Senior Labour figures are trying to head off demands for Tony Blair to resign if the party suffers a bloody nose at next week's local authority elections.

Labour MPs have been warned that the party could easily lose 300 seats in next week's council polls and that in a "worse case scenario" the losses could rise to 400.

Blair allies are nervous that a poor performance would provoke demands for the Prime Minister to stand down sooner rather than later by mainstream Labour MPs, as well as the "usual suspects" who have already criticised him.

In a pre-emptive strike yesterday, Charles Clarke, the Home Secretary, said the local elections should not be seen as a referendum on Mr Blair. He claimed it would be "batty" to think the results would have any bearing on when the Prime Minister would leave Downing Street.

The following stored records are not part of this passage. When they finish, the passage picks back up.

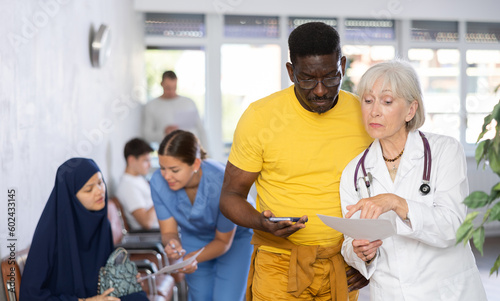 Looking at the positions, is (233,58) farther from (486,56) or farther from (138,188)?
(486,56)

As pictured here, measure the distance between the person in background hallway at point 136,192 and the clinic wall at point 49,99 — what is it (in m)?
0.21

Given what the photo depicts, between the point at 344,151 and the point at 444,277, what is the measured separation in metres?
0.57

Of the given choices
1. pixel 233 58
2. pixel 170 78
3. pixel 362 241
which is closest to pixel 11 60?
pixel 362 241

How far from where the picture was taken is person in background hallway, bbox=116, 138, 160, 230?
4.61 meters

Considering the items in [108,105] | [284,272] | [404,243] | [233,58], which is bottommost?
[284,272]

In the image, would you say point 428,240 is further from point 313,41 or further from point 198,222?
point 198,222

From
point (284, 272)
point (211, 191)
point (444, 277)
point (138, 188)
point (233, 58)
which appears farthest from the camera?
point (233, 58)

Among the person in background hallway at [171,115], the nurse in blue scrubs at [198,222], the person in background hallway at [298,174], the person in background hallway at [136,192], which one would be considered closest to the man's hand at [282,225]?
the person in background hallway at [298,174]

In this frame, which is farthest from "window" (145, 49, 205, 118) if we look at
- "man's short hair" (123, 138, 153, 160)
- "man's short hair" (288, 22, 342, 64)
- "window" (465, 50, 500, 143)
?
"man's short hair" (288, 22, 342, 64)

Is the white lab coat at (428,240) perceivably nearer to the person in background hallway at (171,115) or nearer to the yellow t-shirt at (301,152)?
the yellow t-shirt at (301,152)

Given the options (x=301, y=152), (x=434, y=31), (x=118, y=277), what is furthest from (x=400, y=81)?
(x=434, y=31)

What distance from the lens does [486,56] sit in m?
7.55

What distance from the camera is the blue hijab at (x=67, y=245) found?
97.1 inches

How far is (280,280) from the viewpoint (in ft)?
6.98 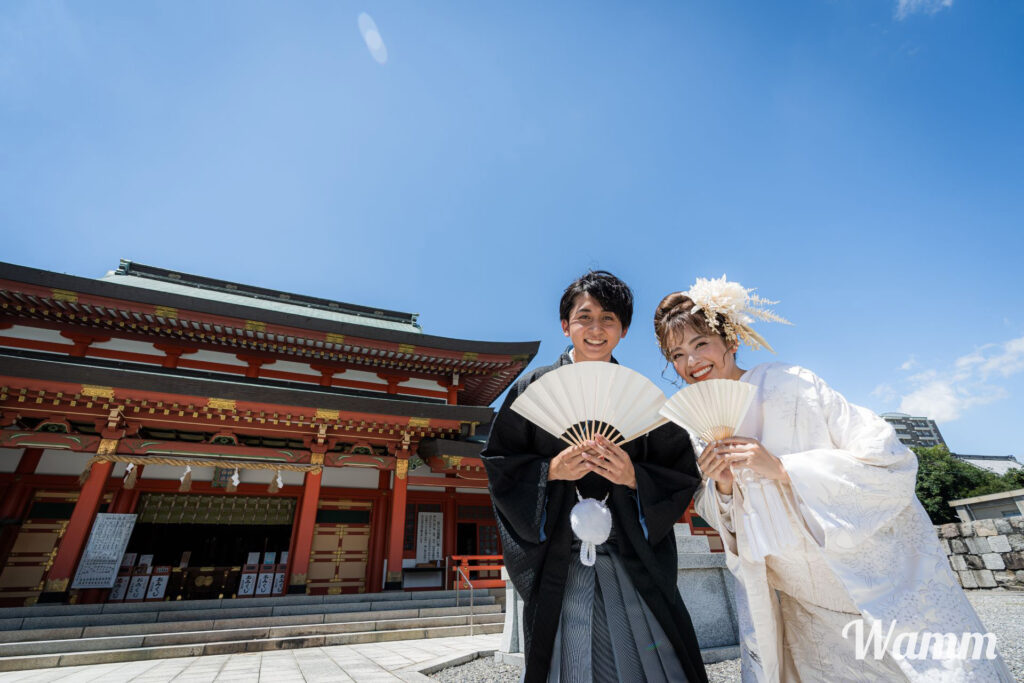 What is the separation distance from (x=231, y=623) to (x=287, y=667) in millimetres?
2540

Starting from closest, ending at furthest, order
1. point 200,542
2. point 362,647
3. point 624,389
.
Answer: point 624,389, point 362,647, point 200,542

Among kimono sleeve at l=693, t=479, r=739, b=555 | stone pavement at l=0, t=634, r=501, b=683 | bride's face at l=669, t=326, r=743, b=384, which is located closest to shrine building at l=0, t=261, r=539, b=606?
stone pavement at l=0, t=634, r=501, b=683

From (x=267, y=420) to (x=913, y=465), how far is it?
9005 millimetres

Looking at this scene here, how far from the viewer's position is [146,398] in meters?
7.21

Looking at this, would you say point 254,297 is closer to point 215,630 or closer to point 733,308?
point 215,630

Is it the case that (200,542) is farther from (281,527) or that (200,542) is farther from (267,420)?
(267,420)

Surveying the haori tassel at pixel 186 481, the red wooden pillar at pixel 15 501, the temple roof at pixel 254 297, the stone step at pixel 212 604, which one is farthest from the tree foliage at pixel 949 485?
the red wooden pillar at pixel 15 501

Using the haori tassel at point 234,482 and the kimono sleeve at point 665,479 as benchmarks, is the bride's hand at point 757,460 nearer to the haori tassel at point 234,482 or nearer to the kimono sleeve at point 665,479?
the kimono sleeve at point 665,479

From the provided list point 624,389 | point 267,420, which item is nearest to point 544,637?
point 624,389

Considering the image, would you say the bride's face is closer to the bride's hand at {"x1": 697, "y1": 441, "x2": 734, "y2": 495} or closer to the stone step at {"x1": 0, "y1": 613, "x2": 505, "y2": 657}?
the bride's hand at {"x1": 697, "y1": 441, "x2": 734, "y2": 495}

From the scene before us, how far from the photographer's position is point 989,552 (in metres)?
6.93

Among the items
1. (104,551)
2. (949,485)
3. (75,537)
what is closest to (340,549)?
(104,551)

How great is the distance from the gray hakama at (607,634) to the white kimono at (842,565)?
0.97 feet

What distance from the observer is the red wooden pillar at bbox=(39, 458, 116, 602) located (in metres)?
6.32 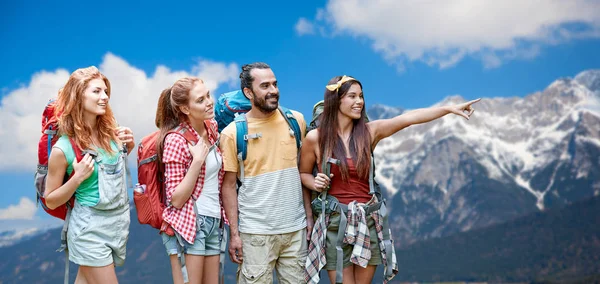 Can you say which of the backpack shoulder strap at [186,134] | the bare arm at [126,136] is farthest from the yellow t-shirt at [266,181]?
the bare arm at [126,136]

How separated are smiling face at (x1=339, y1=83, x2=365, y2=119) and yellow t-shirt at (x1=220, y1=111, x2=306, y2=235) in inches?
34.4

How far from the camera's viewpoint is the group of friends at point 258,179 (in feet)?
21.9

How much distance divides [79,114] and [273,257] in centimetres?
299

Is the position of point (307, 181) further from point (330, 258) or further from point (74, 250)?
point (74, 250)

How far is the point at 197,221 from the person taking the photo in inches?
271

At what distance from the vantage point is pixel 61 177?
20.6ft

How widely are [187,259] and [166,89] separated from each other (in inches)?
85.8

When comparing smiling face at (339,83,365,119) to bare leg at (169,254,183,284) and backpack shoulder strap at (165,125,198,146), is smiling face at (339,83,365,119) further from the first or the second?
bare leg at (169,254,183,284)

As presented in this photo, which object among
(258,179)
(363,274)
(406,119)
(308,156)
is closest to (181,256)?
(258,179)

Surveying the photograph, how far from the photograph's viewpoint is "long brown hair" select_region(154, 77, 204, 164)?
704cm

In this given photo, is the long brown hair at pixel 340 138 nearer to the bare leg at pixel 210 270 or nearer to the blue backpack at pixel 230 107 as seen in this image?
the blue backpack at pixel 230 107

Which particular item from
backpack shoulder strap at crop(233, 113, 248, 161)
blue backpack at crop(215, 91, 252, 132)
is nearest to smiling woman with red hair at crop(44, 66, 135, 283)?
backpack shoulder strap at crop(233, 113, 248, 161)

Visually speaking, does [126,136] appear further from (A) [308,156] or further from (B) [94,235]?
(A) [308,156]

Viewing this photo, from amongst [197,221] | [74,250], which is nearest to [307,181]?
[197,221] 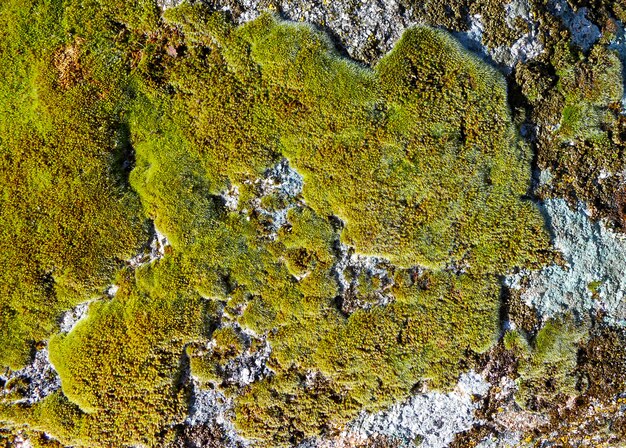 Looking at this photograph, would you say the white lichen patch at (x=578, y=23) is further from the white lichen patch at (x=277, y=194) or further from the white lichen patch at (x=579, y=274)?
the white lichen patch at (x=277, y=194)

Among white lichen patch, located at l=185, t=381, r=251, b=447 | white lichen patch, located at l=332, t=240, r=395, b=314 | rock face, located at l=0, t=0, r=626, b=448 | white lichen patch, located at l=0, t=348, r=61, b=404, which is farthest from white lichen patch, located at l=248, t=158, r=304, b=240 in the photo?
white lichen patch, located at l=0, t=348, r=61, b=404

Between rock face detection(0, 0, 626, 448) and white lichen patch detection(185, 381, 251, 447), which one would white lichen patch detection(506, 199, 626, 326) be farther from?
white lichen patch detection(185, 381, 251, 447)

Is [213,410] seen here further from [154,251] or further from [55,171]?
[55,171]

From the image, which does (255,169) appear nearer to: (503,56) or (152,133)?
(152,133)

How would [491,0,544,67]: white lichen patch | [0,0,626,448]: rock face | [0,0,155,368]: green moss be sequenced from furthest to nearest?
1. [491,0,544,67]: white lichen patch
2. [0,0,626,448]: rock face
3. [0,0,155,368]: green moss

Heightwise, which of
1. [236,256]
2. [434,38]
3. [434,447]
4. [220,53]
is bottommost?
[434,447]

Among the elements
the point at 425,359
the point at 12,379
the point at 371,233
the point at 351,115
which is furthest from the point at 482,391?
the point at 12,379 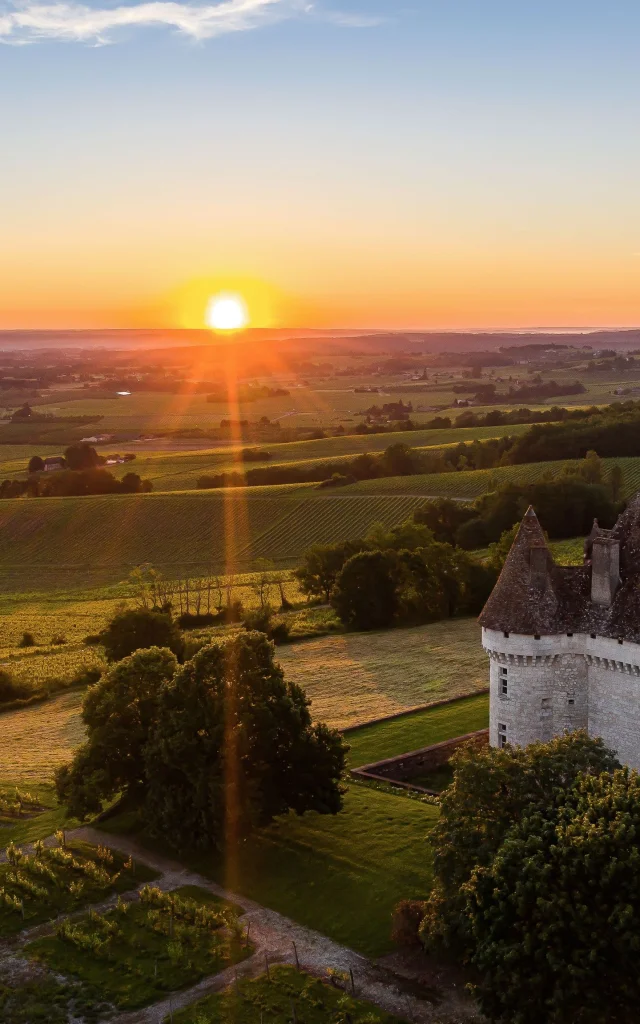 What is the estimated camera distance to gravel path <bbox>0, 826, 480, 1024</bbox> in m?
29.4

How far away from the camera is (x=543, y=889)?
27.1 meters

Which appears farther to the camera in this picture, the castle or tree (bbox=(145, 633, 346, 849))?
tree (bbox=(145, 633, 346, 849))

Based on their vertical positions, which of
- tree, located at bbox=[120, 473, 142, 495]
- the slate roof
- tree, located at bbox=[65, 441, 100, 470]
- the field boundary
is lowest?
the field boundary

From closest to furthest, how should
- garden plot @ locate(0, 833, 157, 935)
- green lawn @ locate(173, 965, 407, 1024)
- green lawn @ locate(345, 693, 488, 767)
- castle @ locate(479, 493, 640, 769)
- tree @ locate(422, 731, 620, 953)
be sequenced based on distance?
green lawn @ locate(173, 965, 407, 1024) < tree @ locate(422, 731, 620, 953) < garden plot @ locate(0, 833, 157, 935) < castle @ locate(479, 493, 640, 769) < green lawn @ locate(345, 693, 488, 767)

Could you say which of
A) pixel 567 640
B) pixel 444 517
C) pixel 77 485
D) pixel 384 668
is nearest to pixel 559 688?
pixel 567 640

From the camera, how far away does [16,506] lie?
129250 millimetres

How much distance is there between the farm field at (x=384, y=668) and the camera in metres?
57.8

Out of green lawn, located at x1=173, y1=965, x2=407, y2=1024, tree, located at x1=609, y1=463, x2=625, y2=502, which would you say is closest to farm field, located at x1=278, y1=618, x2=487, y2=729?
green lawn, located at x1=173, y1=965, x2=407, y2=1024

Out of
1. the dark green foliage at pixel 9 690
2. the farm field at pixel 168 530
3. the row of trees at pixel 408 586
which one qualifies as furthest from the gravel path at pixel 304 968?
the farm field at pixel 168 530

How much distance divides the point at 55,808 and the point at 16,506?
88574 millimetres

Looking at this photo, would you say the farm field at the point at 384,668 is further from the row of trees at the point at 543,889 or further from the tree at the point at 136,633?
the row of trees at the point at 543,889

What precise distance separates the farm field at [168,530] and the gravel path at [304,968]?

He warned Mr Blair's internal critics not to use the election outcome as an excuse to try to oust him. "The idea that the election result will have any impact on those decisions is nonsense," he said. "People will look at the result and make their own conclusions about how well we do and what we have to do to improve our performance. But I don't think party leadership is one of those factors."

A Blair aide added that it would be difficult to get a national picture from many very different contests in which the performance of the local authority would also be a factor.

Fears among Labour MPs that the "cash-for-honours" affair and job cuts in the National Health Service will damage its prospects next week were heightened by an ICM poll giving Labour its worse rating since 1987. The party is on 32 per cent, two points behind the Tories, with the Liberal Democrats on 24 per cent.

A gloomy forecast for the elections was given to the Parliamentary Labour Party's meeting on Monday by Ian McCartney, the party chairman, and Peter Watt, the general secretary. They warned that Labour could easily lose 150 seats in London, the main battleground with all 1,861 seats on the 32 borough councils being contested, and suffer a further 150 losses in other parts of the country.

Labour officials fear Mr Blair will be under pressure because the media spotlight will fall heavily on London, and fear a repeat of the party's disappointing performance in the capital at last year's general election. One party source said Labour could be hit by a "pincer movement" in different parts of London by the Tories, the Liberal Democrats and George Galloway's Respect Party.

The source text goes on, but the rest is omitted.